Share

Istri yang Kau Sakiti Ternyata Punya Perusahaan Sendiri
Istri yang Kau Sakiti Ternyata Punya Perusahaan Sendiri
Penulis: Tifa Nurfa

Bab 1. Berkhianat.

Bab 1. Berkhianat.

[Tyas, ini Iqbal suamimu kan?]

Sebuah pesan masuk dari Amel sahabatku, di susul satu pesan berikutnya sebuah foto.

Aku langsung mengunduh foto yang dikirimkan Amel.

Netra ini membeliak sempurna menatap foto yang Amel kirimkan, reflek aku membekap mulutku sendiri dengan telapak tangan karena terkejut.

Sebuah foto yang menunjukkan Mas Iqbal tengah merangkul pundak seorang wanita di pelataran sebuah gedung.

Gawaiku kembali berdering. Amelia menelpon.

"Sudah lihat? Itu aku lihat mereka di depan hotel Cempaka kemarin sore. Tadinya aku pikir itu kamu, udah siap mau kupanggil lho! Eh, ternyata pas aku perhatikan itu bukan kamu, jadi aku nggak jadi manggil." Amel menjelaskan. Sedangkan aku masih terdiam, otakku sibuk mencerna, siapa wanita itu?

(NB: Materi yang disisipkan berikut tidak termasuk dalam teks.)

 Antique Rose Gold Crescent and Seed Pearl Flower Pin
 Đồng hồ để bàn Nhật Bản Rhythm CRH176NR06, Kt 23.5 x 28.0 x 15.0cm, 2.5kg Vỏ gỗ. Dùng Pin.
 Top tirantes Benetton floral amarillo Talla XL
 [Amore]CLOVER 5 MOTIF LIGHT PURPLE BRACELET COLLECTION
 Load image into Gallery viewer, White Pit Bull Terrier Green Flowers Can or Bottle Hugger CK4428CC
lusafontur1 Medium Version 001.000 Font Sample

Mas Iqbal jalan sama wanita lain? Ya Tuhan, apa suamiku selingkuh?

"Yas! Kamu denger aku kan?!"

"Hah, iya aku denger kok. Kamu tahu wanita itu siapa? Saudara atau kerabat Iqbal mungkin?"

Aku menggeleng. Aku belum pernah melihat wanita sebelumnya.

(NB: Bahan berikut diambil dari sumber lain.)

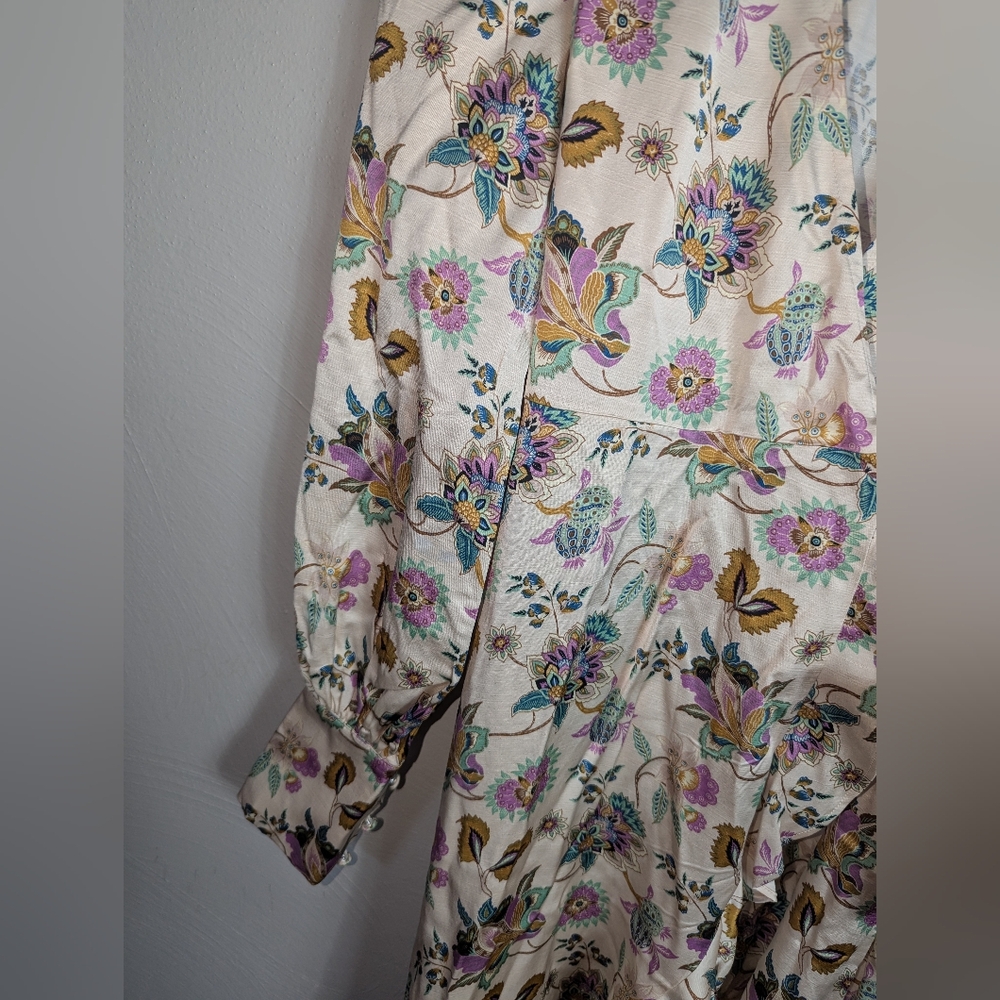 0 & Other Stories Los Angeles Atelier Cream Floral Maxi Wrap Dress - Picture 4 of 8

"Nggak. Kalau saudara Mas Iqbal aku rasa bukan, Aku belum pernah melihatnya sebelumnya."

"Terus siapa dong? Apa jangan-jangan Iqbal selingkuh Yas?"

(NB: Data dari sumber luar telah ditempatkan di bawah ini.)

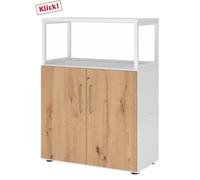 FlexWall | Altezza 3 raccoglitori | ante + telaio | con piedini regolabili Bianco/Rovere Nodato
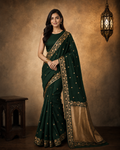 Deep Green  - Pure Raw Mango Banarasi Saree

Pertanyaan Amel membuatku tersentak. Bagai di tusuk belati tajam, rasanya sakit tak terkira, laki-laki yang amat kucintai ternyata diam-diam memiliki wanita lain.

Melihat perubahan sikapnya sebulan belakangan ini ... Apa mungkin?

Tidak. Tidak! Itu tidak mungkin! Mas Iqbal tidak mungkin nyakitin aku. Walau hati ini cemas dengan prasangka ke arah sana. Tapi otakku seakan tak terima dan berusaha menepis semua itu.

"Nggak mungkin Mas Iqbal selingkuh Mel. Dia itu sayang banget sama aku." Aku mengelak. Lebih tepatnya aku seakan menghibur diriku sendiri.

"Ya, bisa aja kan! Apalagi sekarang Iqbal bukan lagi Iqbal yang dulu, sekarang Iqbal sudah punya jabatan! Perempuan mana yang sanggup nolak pesona laki-laki mapan! Ya kan! Apalagi, pas kemarin aku lihat mereka jalan rangkulan gitu, mesra banget Yas! Suerr! Kalau hanya teman atau saudara aku rasa nggak akan semesra itu, Yas. Semalam Iqbal pulang jam berapa?"

Aku meneguk saliva dengan susah payah. Semalam memang Mas Iqbal nggak pulang, itu artinya dia nginap di hotel sama perempuan itu?

Hatiku sudah seperti di cabik-cabik, membayangkan apa yang dilakukan sepasang laki-laki dan perempuan di dalam kamar hotel

"Semalam dia nggak pulang Mel," sahutku dengan suara bergetar.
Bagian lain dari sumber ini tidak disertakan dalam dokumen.